French Cardinal Jean-Pierre Ricard, former head of the French bishops’ conference, admitted to abusing a 14-year-old girl 35 years ago.
The revelation came in a letter from Cardinal Ricard read by Archbishop Eric de Moulins-Beaufort of Reims, president of the bishops’ conference, during a news conference on abuse Nov. 7, during the French bishops’ general assembly.
The cardinal said the “reprehensible” action occurred when he was a priest, and he said his behavior “has necessarily caused serious and lasting consequences for this person.”
He said he asked the woman for forgiveness and asked for forgiveness from her family. He also said he was going on retreat to pray.
“This is a difficult process.
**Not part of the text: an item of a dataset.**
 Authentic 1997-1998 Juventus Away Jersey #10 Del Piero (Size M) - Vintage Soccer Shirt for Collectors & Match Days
But what comes first is the suffering experienced by the victims and the recognition of the acts committed,” he said.
“Finally, I ask forgiveness to those whom I have hurt and who will live this news as a real test,” he said.
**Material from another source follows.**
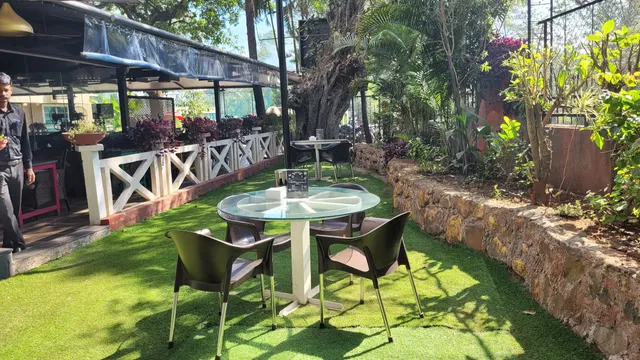 Cafe Basilica - Pure Veg Cafe Panchgani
The cardinal did not provide additional details.
He is a member of the Dicastery for the Doctrine of the Faith, the Vatican office charged with investigating clerics accused of abuse.
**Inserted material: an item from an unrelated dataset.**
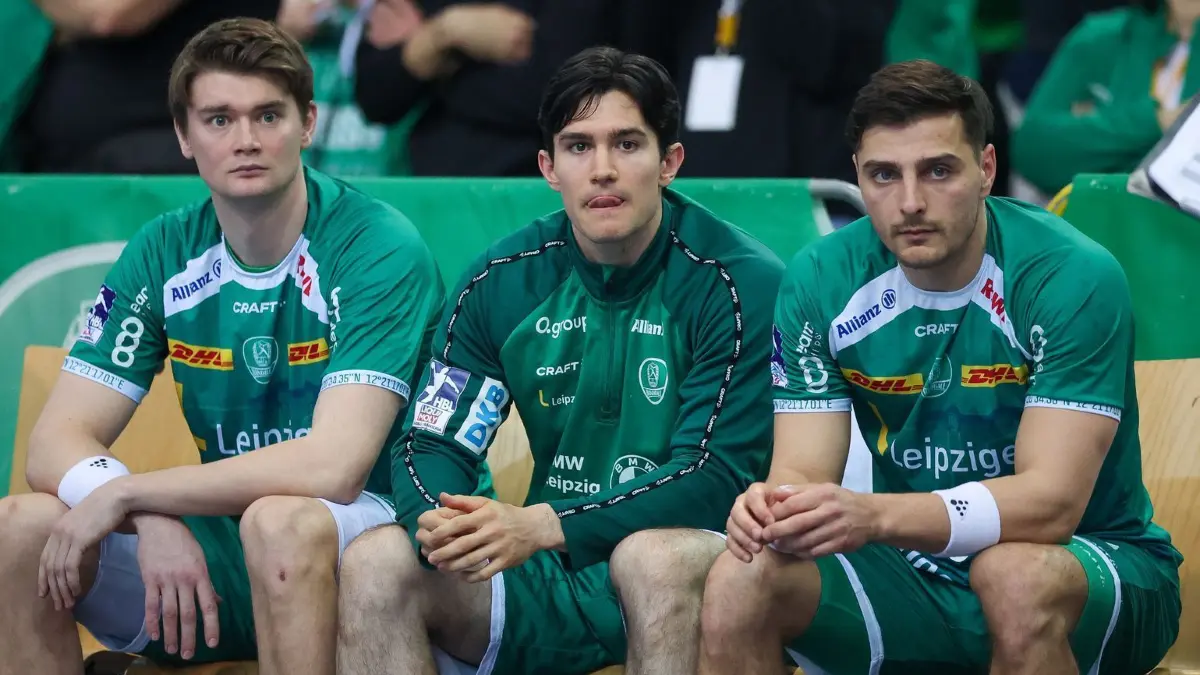 Handball: Bundesliga, SC DHfK Leipzig — ThSV Eisenach, 26. Spieltag, Arena Leipzig. Leipzigs Spieler Oskar Sunnefeldt (l–r), Moritz Strosack und Lucas Krzikalla sitzen enttäuscht auf der Bank.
Archbishop Moulins-Beaufort said the cardinal was among 11 bishops or former bishops who are being or have been investigated by church or judicial authorities for abuse.
Four days earlier, the archbishop had rearranged the bishops’ schedule to deal with abuse and urged his fellow bishops to have as their first concern “the victims, those who spoke out two years ago and more recently, and those, perhaps, who have not yet made themselves known.”
The archbishop was referring to the case of retired Bishop Michel Santier of Créteil. When the Vatican announced in 2021 that the bishop was retiring, the bishop had said it was for health reasons. No one contradicted him publicly until mid-October, when the Diocese of Créteil confirmed he had been credibly accused of sexual misconduct and disciplined by the Vatican.
The bishops, who were meeting in Lourdes, acknowledged the sense of betrayal felt by people in the Diocese of Créteil, the archbishop said, as well as “the anger, shame, discouragement and weariness of the most committed faithful, deacons, priests, seminarians.” Those feelings, he said, are “reaching a new level, no doubt unbearable for some.”
“All of us are shaken, personally and in our apostolic authority in the service of the Lord Jesus and the people of God, by suffering a collective criticism for a matter that most of us have had nothing to do with,” he said.
The Vatican did not immediately say what, if any, disciplinary measures would be taken against 78-year-old Cardinal Ricard, who retired in 2019 as archbishop of Bordeaux. The possibilities range from being ordered to live a life of prayer and penance out of the public view to being removed from the College of Cardinals or even from the priesthood, although that usually is a punishment reserved to serial abusers.
In the 1990s, Austrian Cardinal Hans Hermann Groër was forced to step down as archbishop of Vienna and eventually to relinquish all public ministry after allegations of the sexual abuse and harassment of seminarians and priests; he died in 2003 without having undergone a canonical trial.
Pope Benedict XVI forced Scottish Cardinal Keith O’Brien to step down as archbishop of St. Andrews and Edinburgh in early 2013; after an investigation, Pope Francis withdrew his “rights and duties” as a cardinal, although he retained the title until his death in March 2018.
And, in the case of Theodore E. McCarrick, the former cardinal and archbishop of Washington, Pope Francis initially suspended him from ministry and removed him from the College of Cardinals in 2018 after an investigation found “credible and substantiated” allegations of abuse. The pope removed him from the priesthood in 2019 after a Vatican trial found him guilty of “solicitation in the sacrament of confession and sins against the Sixth Commandment with minors and with adults, with the aggravating factor of the abuse of power.”